Currently, we use this graph to indicate our donation processing rate however, the data behind is graph is actually measuring how quickly previously processed donation queue messages are imported into CiviCRM. This doesn't feel like a typical donation processing rate metric. Instead, we should rename this to something more accurate, like our 'Save To CRM rate.'
Now, to more accurately measure our donation processing rate, we need to decide what we mean by donation processing rate. More specifically, we need to decide which part of the donation pipeline we want to measure.
Here are some suggestions of points in the flow that we could measure to derive processing rates from:
- Gateway Result To CRM Save Rate - The time between the gateway giving us a result back and the donation being imported into the CRM
- We currently capture this under the metric average_transaction_age in Prometheus. I added a test graph for this here Experimental Processing Rate, but the output looks questionable and needs verifying.
- Submission to Save Rate - The time between the donor clicking submit and the completed donation being imported into the CRM
- This feels like the truest measure of our overall processing rate. However, this would also include the time the donation is sitting on the Redis queue in between the front-end gateway transaction and the backend CRM save.
- Submission to Thank You Email Rate - The same as above but adding on the period afterwards, which captures the time it takes for the thank you email to be sent
- This feels like overkill, but it could give us timings for the full donor's donation lifecycle.

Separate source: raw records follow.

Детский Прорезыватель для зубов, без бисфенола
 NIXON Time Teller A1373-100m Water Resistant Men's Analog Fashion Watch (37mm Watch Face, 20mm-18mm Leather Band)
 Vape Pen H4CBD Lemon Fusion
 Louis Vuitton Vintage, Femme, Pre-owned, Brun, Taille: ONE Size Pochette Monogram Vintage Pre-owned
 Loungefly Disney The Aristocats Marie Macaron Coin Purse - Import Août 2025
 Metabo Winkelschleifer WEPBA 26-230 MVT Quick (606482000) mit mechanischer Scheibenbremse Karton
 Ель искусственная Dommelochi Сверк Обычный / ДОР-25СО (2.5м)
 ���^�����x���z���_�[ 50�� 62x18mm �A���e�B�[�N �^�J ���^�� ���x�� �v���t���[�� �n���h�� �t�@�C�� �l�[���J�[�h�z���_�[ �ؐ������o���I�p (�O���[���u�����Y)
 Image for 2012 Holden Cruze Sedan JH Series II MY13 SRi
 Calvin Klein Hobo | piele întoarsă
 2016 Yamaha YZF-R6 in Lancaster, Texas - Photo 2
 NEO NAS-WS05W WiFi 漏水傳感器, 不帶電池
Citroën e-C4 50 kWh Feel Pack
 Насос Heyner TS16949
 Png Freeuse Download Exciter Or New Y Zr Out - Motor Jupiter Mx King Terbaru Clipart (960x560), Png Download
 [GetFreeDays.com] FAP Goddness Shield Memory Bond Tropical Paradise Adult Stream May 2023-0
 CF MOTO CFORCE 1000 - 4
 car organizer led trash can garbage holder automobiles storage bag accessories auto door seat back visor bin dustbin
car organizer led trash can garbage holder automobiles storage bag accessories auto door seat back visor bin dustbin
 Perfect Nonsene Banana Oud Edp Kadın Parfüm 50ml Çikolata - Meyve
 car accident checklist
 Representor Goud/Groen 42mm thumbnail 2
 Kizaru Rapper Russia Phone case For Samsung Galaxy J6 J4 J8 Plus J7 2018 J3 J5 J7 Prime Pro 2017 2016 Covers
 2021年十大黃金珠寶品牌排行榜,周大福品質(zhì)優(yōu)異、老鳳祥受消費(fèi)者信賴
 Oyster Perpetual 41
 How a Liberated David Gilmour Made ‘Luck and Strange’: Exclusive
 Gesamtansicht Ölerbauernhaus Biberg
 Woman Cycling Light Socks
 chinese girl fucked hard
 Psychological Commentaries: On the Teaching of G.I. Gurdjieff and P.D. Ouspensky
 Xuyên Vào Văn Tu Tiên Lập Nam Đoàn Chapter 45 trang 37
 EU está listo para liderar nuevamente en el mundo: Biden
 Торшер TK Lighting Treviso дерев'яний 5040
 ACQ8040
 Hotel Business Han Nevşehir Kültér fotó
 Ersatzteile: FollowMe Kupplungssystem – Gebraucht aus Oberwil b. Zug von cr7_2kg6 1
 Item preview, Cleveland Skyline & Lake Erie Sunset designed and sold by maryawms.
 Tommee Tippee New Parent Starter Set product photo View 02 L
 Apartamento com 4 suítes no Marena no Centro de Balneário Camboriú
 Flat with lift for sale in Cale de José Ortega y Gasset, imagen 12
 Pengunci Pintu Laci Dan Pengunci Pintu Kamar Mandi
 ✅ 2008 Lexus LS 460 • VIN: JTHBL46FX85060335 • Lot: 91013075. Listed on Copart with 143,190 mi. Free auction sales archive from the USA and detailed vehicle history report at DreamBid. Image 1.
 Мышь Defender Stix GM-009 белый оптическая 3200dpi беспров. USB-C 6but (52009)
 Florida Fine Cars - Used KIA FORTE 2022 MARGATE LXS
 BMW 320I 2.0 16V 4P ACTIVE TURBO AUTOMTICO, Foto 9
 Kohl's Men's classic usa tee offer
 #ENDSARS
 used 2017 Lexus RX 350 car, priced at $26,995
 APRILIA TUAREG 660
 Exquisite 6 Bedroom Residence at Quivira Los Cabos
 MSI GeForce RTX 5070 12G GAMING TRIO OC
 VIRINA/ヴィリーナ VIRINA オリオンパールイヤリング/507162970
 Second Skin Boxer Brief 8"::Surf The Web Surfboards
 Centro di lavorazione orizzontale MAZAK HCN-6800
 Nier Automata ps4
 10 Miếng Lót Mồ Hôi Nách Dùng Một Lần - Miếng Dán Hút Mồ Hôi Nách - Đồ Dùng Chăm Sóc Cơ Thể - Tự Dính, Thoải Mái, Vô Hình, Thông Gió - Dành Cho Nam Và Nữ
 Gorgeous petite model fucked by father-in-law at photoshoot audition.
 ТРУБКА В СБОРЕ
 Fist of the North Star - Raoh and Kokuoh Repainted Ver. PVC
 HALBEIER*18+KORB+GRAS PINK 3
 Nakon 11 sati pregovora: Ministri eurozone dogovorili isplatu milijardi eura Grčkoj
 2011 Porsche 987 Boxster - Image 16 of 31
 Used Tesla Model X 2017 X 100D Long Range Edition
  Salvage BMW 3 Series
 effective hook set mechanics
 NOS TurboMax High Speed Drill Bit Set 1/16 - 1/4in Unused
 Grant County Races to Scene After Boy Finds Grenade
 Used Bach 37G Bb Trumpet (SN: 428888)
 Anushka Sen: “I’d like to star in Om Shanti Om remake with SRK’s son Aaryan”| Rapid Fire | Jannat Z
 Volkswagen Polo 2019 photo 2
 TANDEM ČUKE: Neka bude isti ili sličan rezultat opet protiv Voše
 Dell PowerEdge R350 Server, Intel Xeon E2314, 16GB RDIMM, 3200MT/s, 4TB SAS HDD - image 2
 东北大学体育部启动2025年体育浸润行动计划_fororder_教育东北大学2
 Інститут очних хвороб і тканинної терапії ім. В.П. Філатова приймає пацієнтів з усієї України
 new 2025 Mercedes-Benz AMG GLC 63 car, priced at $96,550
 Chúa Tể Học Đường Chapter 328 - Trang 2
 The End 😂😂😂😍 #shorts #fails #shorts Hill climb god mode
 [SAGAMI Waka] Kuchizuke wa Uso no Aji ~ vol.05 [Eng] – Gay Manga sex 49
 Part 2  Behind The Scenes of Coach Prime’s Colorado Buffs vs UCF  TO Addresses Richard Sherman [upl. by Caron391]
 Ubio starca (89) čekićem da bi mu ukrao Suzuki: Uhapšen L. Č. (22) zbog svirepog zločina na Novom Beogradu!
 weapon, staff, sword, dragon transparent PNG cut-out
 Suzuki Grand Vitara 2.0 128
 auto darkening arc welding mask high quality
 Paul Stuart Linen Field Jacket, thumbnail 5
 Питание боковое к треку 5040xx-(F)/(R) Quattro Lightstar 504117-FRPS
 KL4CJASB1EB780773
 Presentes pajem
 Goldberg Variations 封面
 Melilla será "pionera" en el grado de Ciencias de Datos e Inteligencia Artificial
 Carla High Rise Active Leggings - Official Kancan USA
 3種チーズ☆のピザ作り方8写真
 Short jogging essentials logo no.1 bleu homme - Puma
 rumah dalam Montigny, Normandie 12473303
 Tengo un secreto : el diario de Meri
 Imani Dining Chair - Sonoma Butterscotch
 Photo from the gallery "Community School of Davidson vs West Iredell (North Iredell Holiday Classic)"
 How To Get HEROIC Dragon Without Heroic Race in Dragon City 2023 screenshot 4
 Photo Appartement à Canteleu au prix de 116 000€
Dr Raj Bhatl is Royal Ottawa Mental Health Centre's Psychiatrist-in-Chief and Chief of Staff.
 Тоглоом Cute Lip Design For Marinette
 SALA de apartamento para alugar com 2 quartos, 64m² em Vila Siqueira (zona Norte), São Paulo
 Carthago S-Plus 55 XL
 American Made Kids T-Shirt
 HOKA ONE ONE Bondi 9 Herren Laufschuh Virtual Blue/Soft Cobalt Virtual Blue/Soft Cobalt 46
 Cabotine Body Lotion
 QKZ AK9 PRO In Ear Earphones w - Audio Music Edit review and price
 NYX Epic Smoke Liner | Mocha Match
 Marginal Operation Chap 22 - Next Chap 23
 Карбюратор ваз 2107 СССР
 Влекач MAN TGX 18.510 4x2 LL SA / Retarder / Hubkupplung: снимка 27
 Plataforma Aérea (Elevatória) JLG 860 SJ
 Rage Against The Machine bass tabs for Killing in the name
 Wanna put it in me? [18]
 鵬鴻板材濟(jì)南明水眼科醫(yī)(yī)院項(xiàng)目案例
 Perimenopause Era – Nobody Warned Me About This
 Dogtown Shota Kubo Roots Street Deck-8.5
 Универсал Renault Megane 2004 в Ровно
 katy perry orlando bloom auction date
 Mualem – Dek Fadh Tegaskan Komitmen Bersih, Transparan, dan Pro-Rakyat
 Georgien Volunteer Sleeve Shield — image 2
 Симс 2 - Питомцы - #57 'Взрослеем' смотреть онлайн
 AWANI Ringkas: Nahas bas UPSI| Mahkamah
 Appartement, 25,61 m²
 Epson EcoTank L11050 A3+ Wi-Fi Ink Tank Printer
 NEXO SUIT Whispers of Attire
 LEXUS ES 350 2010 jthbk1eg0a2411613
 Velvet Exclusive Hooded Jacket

- Gateway Processing Rate - The time between the donor clicking submit and the response coming back from a gateway
- This one isn't really measuring how fast we do things, but it could be useful to indicate one of our gateways is backing up.
- Frontend Processing Rate - The time between the donor clicking submit and the donation ending up on the Redis queue
- Backend Processing Rate - AKA our Save-To-CRM rate!
We could discuss other options or even consider slicing and dicing different timings to come up with a more desirable metric.